Written evidence by Dr. Angus Murdoch
(ARSS 50)
PUTTING THE CART BEFORE THE HORSE
SUMMARY
The decision to revoke and then abolish the RSSs
is unlawful because, inter alia, no assessment of the impact
on those changes was undertaken by the Government to inform that
decision. In particular, the impact on Romany Gypsies and Irish
Travellers (both of whom are accepted as being ethnic minority
groups for the purposes of Race Relations legislation) was not
considered.
Moreover, whilst there remains such a substantial
level of unmet need for further authorised sites for Gypsies and
Travellers, the related proposals to reform the planning system
in this area are ill-conceived and counter-productive.
"It is worse than useless to harass Gypsies
from place to place unless some shelter or retreat is allowed"Hoyland,
1815
INTRODUCTION
Signaled first in the Secretary of State's ["SoS"]
letter to the Chancellor on 25 June 2010, the Regional Spatial
Strategies ["RSS"] were "revoked"to
be "abolished" in due courseby way of
a letter dated 6 July 2010 to all Chief Planning Officers ["the
SoS letter"]. In my view, the decision to revoke (and abolish)
the RSS is unlawful because, inter alia, that change in
policy was not subject to any public consultation; and no racial
impact or equalities assessment was undertaken to inform that
decision.
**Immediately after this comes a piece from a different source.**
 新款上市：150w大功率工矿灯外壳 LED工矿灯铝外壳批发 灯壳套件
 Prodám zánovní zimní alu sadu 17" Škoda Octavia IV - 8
My principal cause for concern is in relation to the
impact of these changes on Gypsies and Travellers who, as I will
demonstrate below, will be disproportionately affected.
That the SoS was aware that the revocation of the
RSS would impact on Gypsies and Travellers is clear in the SoS
letter: in the question and answer section on page four it states
"that local councils are in the best place to assess the
needs of Gypsies and Travellers in their area. The abolition of
RSS will mean that local authorities will be responsible for determining
the right level of site provision, reflecting local need and historic
demand and bringing forward land in development plan documents.
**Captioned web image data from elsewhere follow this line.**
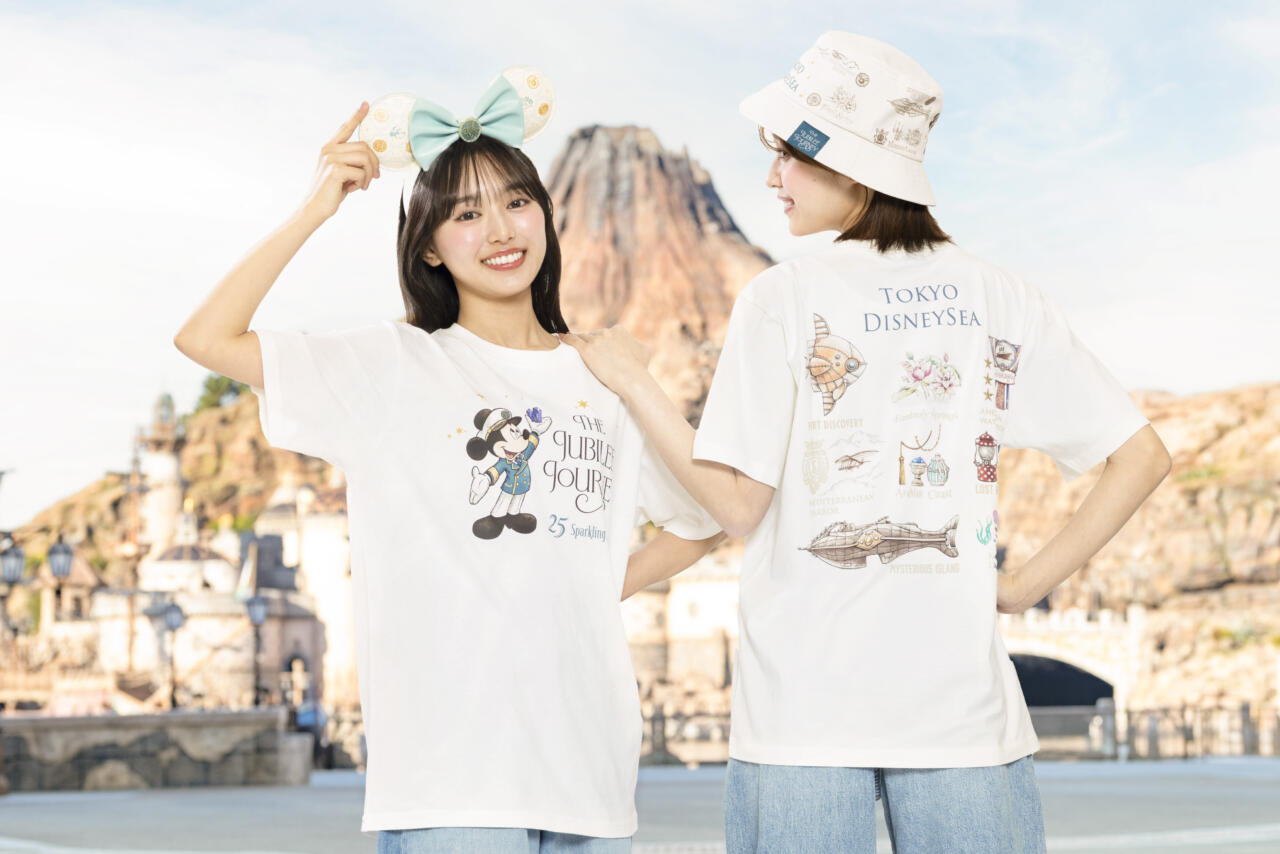 東京ディズニーシー】「25周年の新グッズ」でるよ～！ファン必見の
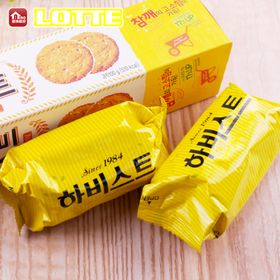 lotte乐天白芝麻饼干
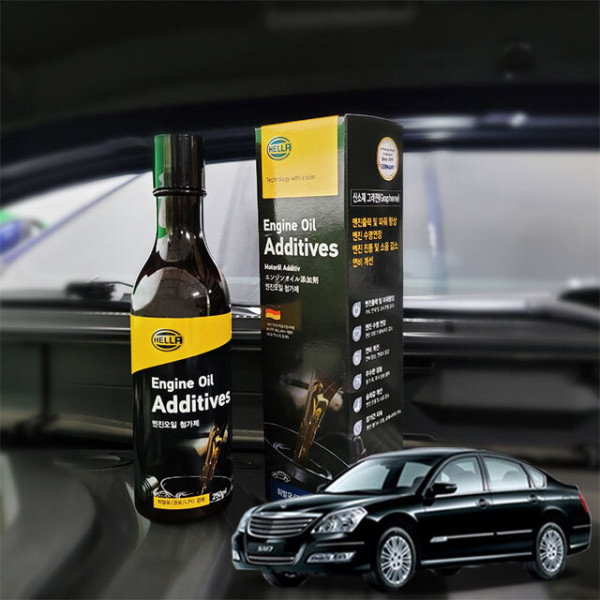 SM7 엔진 오일 첨가제 코팅제 250ml
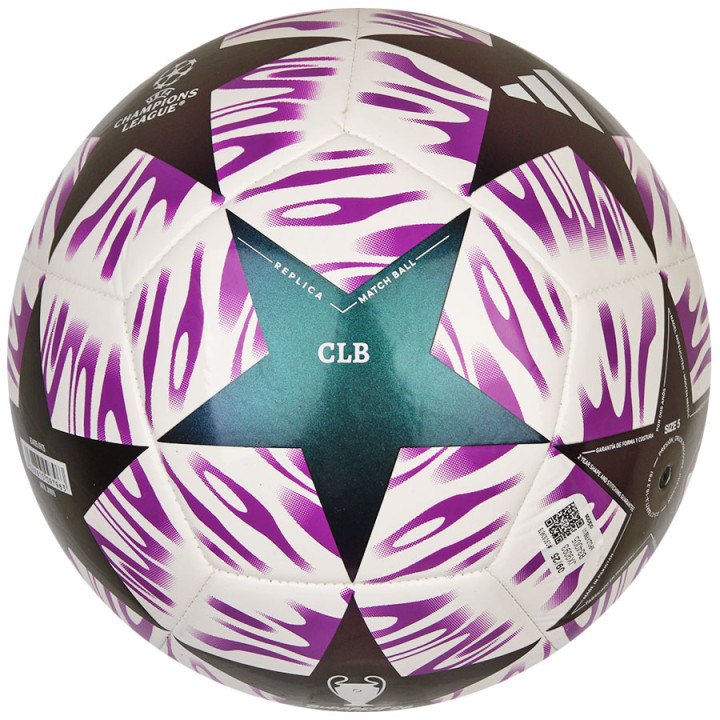 Piłka nożna treningowa adidas UCL Club biała JX9093 | VUX.pl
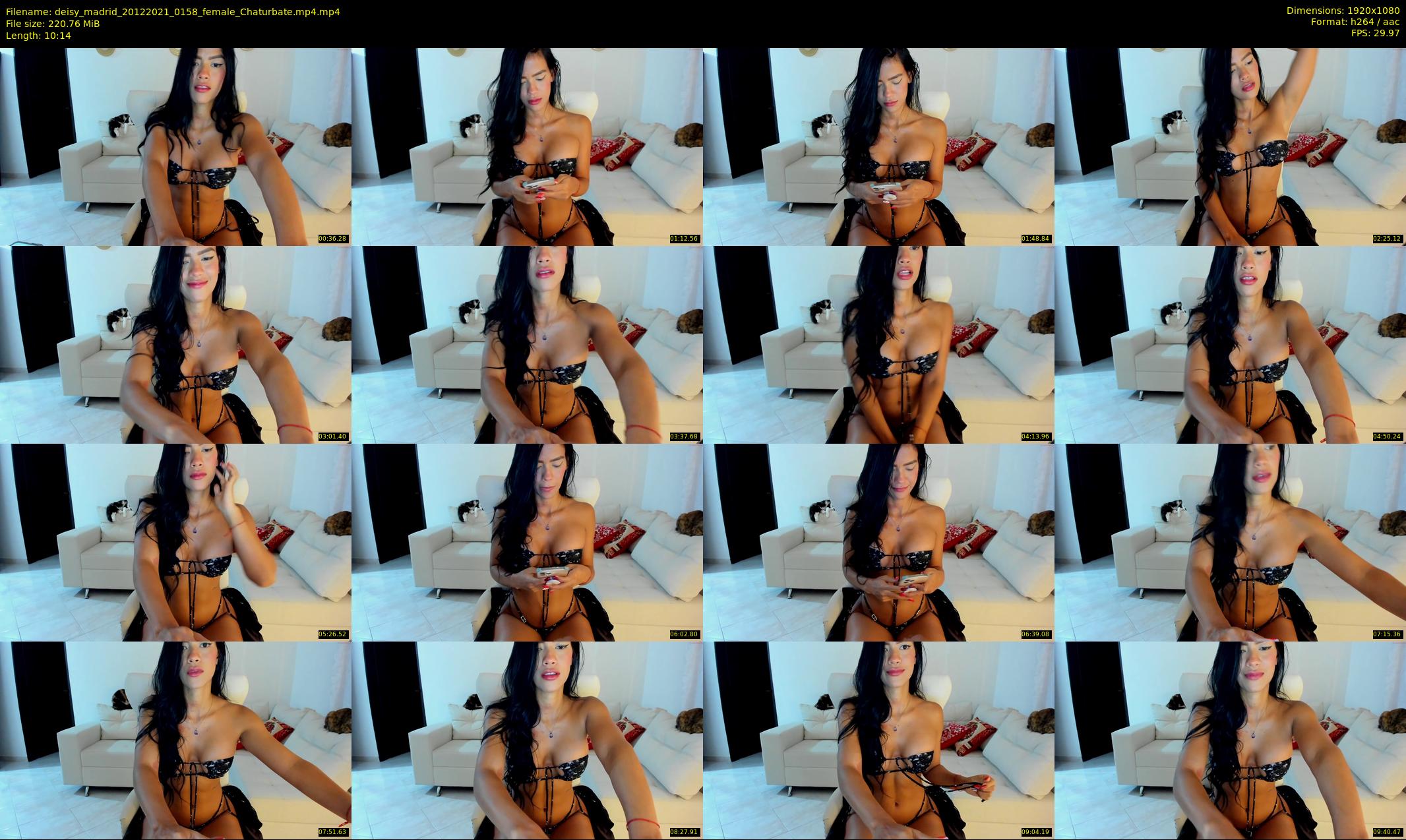 deisy_madrid — 11 minute Chaturbate female cam show recording, 1080p, Dec 20, 2021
They should continue to do this in line with current policy. Gypsy
and Traveller Accommodation Assessments (GTAAs) have been undertaken
by all LPAs and if [they] decide to review pitch requirements
in their Core Strategies, these assessments will form a good starting
point. However, LPAs are not bound by the methodology adopted
by the Regional Planning Boards in drawing up the GTAAs
"
It is also clear that Romany Gypsies and Irish Travellers
are two groups specifically protected by domestic Race Relations
legislation (see CRE v Dutton; and Allied Domec respectively).
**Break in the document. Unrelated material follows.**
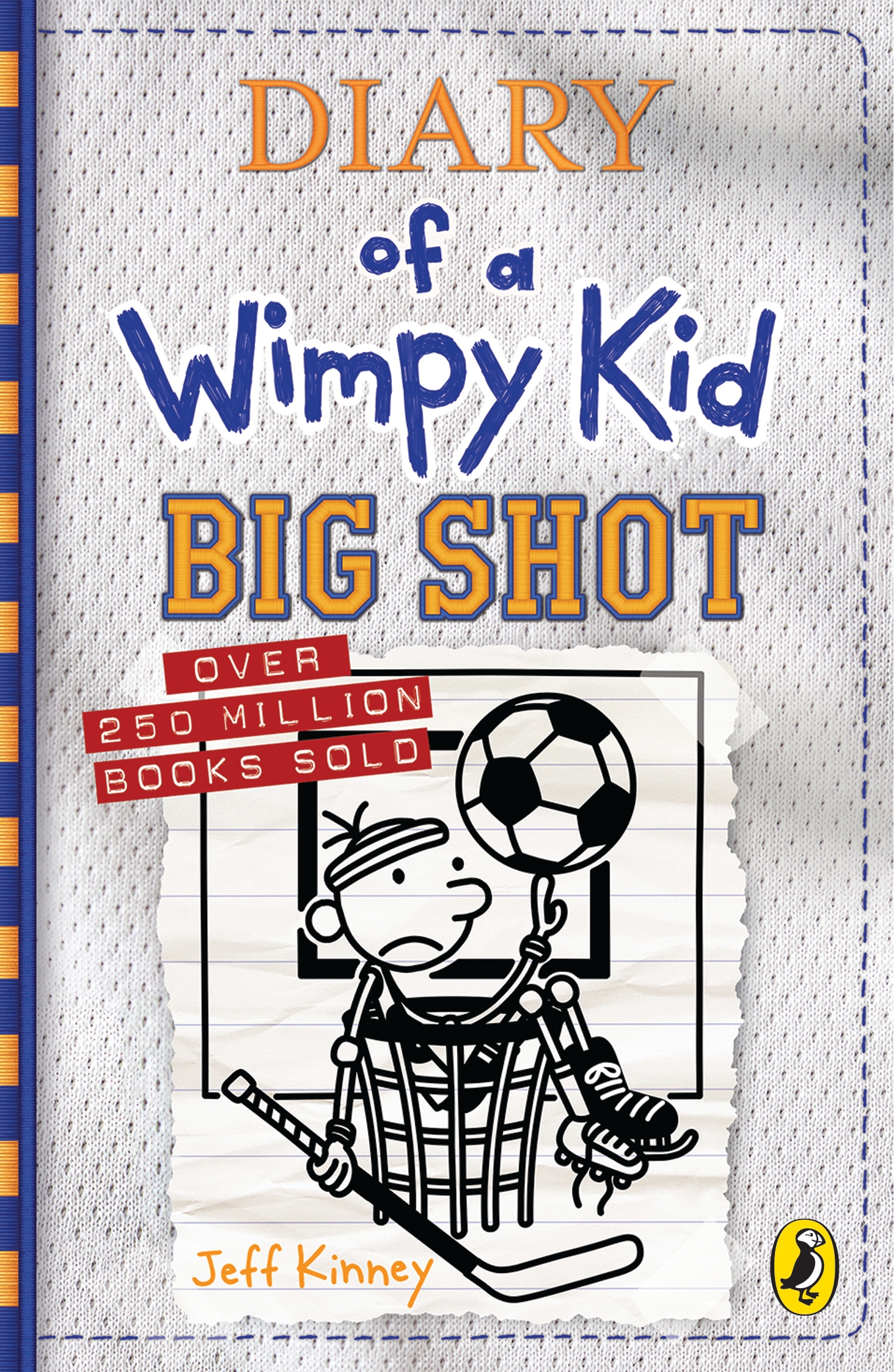 Diary of a Wimpy Kid 16: Big Shot by Kinney, Jeff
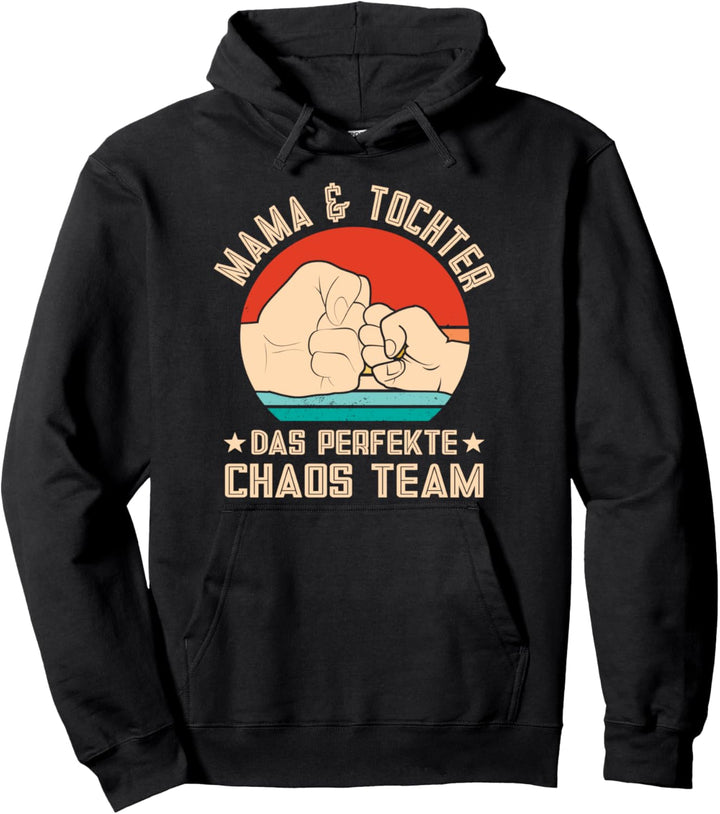 Mutter Tochter Mama Pullover Hoodie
These groups are also accepted as ethnic minorities under the
European Convention on Human Rights. In the case of Buckley-v-the
UK (1996) the European Commission on Human Rights held that
by refusing to grant planning permission for a Romany Gypsy to
live in caravans on her own land and then commencing enforcement
action against her, the LPA had violated her rights under Article
8 recalling:
"... that the applicant has been subject
to enforcement measures and has been prosecuted in respect of
her failure to cease occupying her land in her caravans. This
is sufficient to constitute an interference with the terms of
the first paragraph of Article 8. Whether there are viable alternatives
open to [Mrs. Buckley] if she leaves her land is relevant to the
consideration of the necessity of such interference." (emphasis
added).
The Government accepted that the applicant's complaints
concerned her right to respect for home and stated that it was
unnecessary to consider whether the applicant's right to respect
for her private and family life was also in issue
The Court considers that the applicant's occupation
of her caravan is an integral part of her ethnic identity as a
gypsy, reflecting the long tradition of that minority of following
a travelling lifestyle. This is the case even though, under the
pressure of development and diverse policies or from their own
volition, many gypsies no longer live a wholly nomadic existence
and increasingly settle for long periods in one place in order
to facilitate the education of their children. Measures, which
affect the applicant's stationing of her caravans, have therefore
a wider impact than on the right to respect for home. They also
affect her ability to maintain her identity as a gypsy and to
lead her private and family life in accordance with that tradition."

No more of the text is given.